To identify the aspects and importance of international entrepreneurship.
2.
To identify the important strategic issues in international entrepreneurship.
3.
To identify the available options for entering international markets.
4.
To present the problems and barriers to international entrepreneurship.
DIRECT FOREIGN INVESTMENT
Majority interest
Another equity method is to purchase a majority interest in a foreign business. The
majority interest allows the entrepreneur to obtain managerial control while maintaining
the company's local identity. In technical sense anything over 50% of the equity of the
firm is majority interest.
100 percent ownership
One hundred percent ownership assures control. One form of 100 percent ownership is
mergers and acquisitions, but the entrepreneur needs to have a general understanding of
the benefits and problems of mergers as a strategic option.

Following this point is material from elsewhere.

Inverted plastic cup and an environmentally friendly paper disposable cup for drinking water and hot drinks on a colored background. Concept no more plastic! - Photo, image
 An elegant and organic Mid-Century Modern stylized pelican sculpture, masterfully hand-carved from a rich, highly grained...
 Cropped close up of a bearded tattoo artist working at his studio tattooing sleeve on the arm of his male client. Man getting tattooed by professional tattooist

A horizontal merger is the combination of two firms that produce closely related
projects in the same area. A vertical merger is the combination of firms in successive
stages of production. A product extension merger occurs when acquiring and acquired
companies have related production but do not have directly competing products. A
market extension merger is when two firms produce the same products but sell them in
different areas. A diversified activity merger is a conglomerate merger involving the
consolidation of two unrelated firms. Mergers are a sound strategic option for an
entrepreneur when synergy is present. Economies of scale are the most common reason
for mergers. A second factor that causes synergy is taxation, or unused tax credits. The
final factor is the benefits received in combining complementary resources.
BARRIERS TO INTERNATIONAL TRADE
The positive attitude toward free trade began about 1947 with the development of general trade agreements
and reduction of trade barriers.
General Agreement on Tariffs and Trade (GATT)

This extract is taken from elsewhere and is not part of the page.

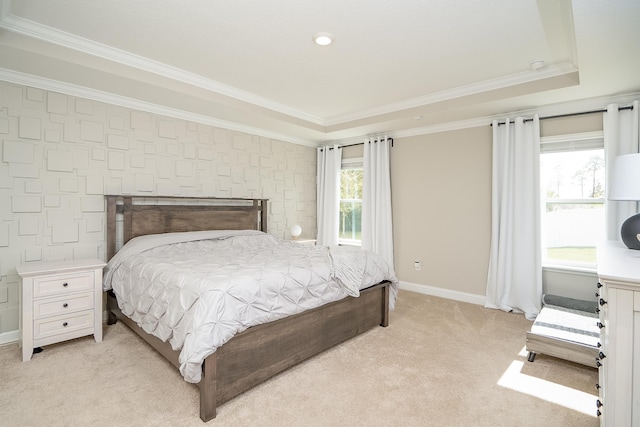 bedroom featuring baseboards, a raised ceiling, crown molding, and light colored carpet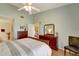 Large bedroom with ceiling fan, ensuite bathroom, and plenty of natural light at 1235 Saxony Cir # 5202, Punta Gorda, FL 33983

GATT is a multilateral agreement with the objective of liberalizing trade by eliminating tariffs and import
quotas. In each round, mutual tariff reductions are negotiated between member nations. Members can ask
for investigation of violations. While GATT has helped develop more unrestricted trade, its voluntary
membership gives it little authority.
Increasing Protectionist Attitudes
Support of free trade increased significantly in the 1980s due to the rise in protectionist pressures in many
countries. The persistent U.S. trade deficit has strained the world trading system. The economic success of
a country (Japan) perceived as not playing by the rules has also strained the trading system. In response
many countries have established bilateral voluntary export restrictions.

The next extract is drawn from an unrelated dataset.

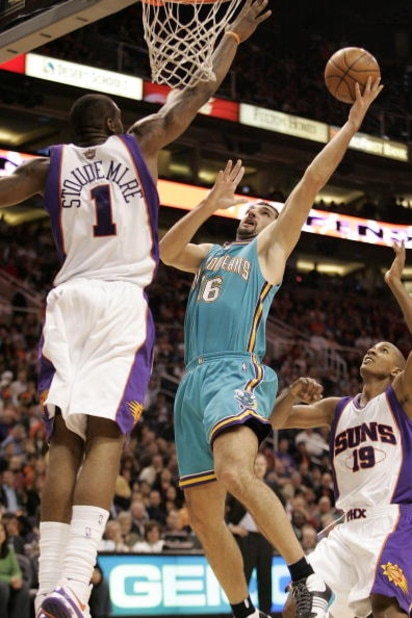 PHOENIX - FEBRUARY 6: Peja Stojakovic #16 of the New Orleans Hornets shoots over Amare' Stoudemire #1 of the Phoenix Suns on February 6, 2008 at US Airways Center in Phoenix, Arizona. NOTE TO USER: User expressly acknowledges and agrees that, by download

Trade Blocs and Free Trade Areas
Groups of nations are banding together to increase investment between nations in the group and exclude
others. The North American Free Trade Agreement (NAFTA) between the U.S., Canada, and Mexico
reduces barriers and encourages investment. The Americas, Argentina, Brazil, Paraguay, and Uruguay have
created the Mercosul trade zone, a free trade zone between the countries. The European Community (EC)
is founded on the principle of supra-nationality, with member nations not being able to enter into trade
agreements on their own that are inconsistent with EC regulations.
Entrepreneur's Strategies and Trade Barriers
Trade barriers pose problems for entrepreneurs who want to become involved in international business.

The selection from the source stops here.